Other approaches adapt the training procedure rather than restricting the architecture to achieve in- or equivariance. Data augmentation is easy to implement and highly adaptable towards a variety of transformations. Furthermore, it can be used in combination with other approaches. On the downside, it does not provide any mathematical guarantees, augmenting the data with all possible transformations is computationally inefficient, the solution space is not restricted effectively and the equivariance is only learned for the network as a whole, not at each layer. Data augmentation can further be enhanced via regularization techniques that use additional losses to increase the robustness at the cost of requiring to process transformed pairs of inputs.

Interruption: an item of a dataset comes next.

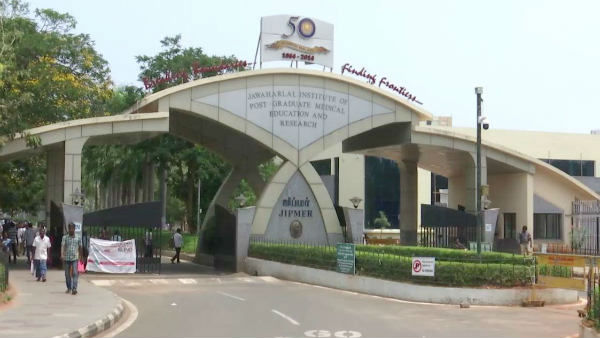 Jipmer hospital doctors including 12 were affected for corona in Puducherry 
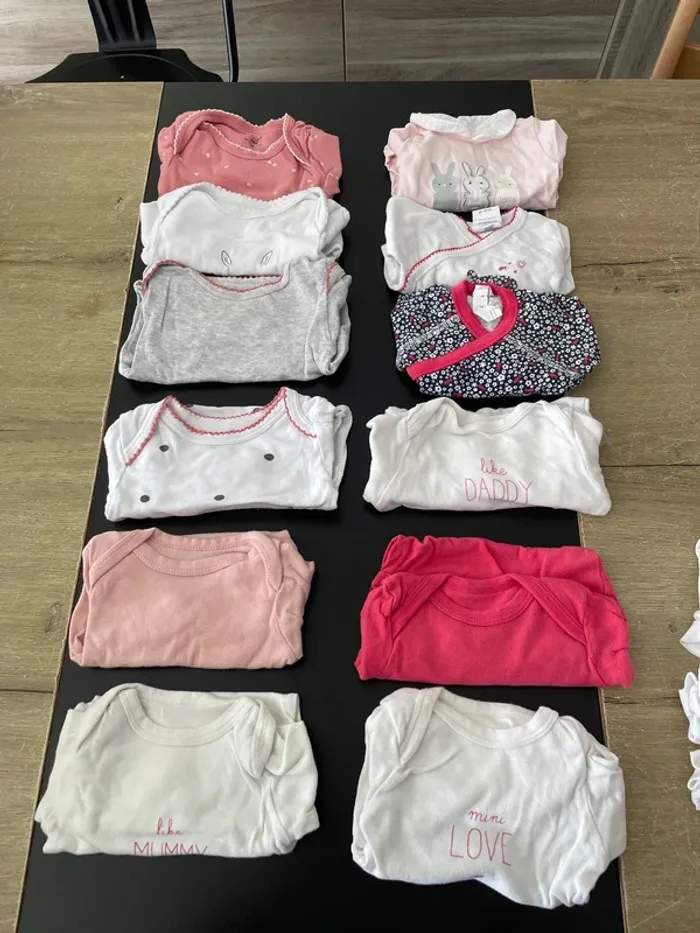 Lot de 12 bodies manche longue fille 3 mois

Learned feature transformations provide a way to learn invariance from data rather than defining and incorporating it manually. This is achieved by re-transforming the inputs to their canonical form via estimated parameters. Feature transformation layers are easy to include to existing neural network architectures and can also be applied to intermediate representations. The transformations are learned from data and not necessarily restricted to groups. Nonetheless, learned feature transformations lack mathematical guarantees and rely on estimating the transformation coefficients correctly.

Automatic symmetry discovery methods learn and incorporate in- or equivariance properties into the DNN directly from training data. This mitigates the problem of overly restrictive models due to misspecified invariances and allows to incorporate invariance when the required prior knowledge is not available. Nevertheless, it fails to outperform guaranteed methods, if the desired properties are known before training.

Equivariance measures provide a way to investigate, if the desired properties are actually respected by the trained networks. In addition, it allows to identify weak spots of in- or equivariant DNNs, e.g. the Pooling layers that are detrimental to invariance guarantees due to aliasing effects.

In this survey, we showed how utilizing prior knowledge can enhance state-of-the-art deep learning systems and used 3D object detection as an example. Foremost, defining problem-specific symmetry groups and introducing in- or equivariance to them can greatly improve the performance of neural networks, especially when the amount of training data is scarce. This has been proven for a broad variety of interesting applications from medical imaging to 3D shape recognition. Moreover, this approach improves the interpretability of neural network layers which is important for validation.

We expect future work to investigate further generalizations to more general input domains and symmetry groups as well as to more complex, non-invertible transformations, e.g. occlusions. Moreover, DNNs incorporating multiple symmetries at once could be of interest. Finally, improving the automatic inclusion of geometrical priors, e.g. via Neural Architecture Search, and providing a clear guideline on how and when to apply which in- or equivariances would be of great interest.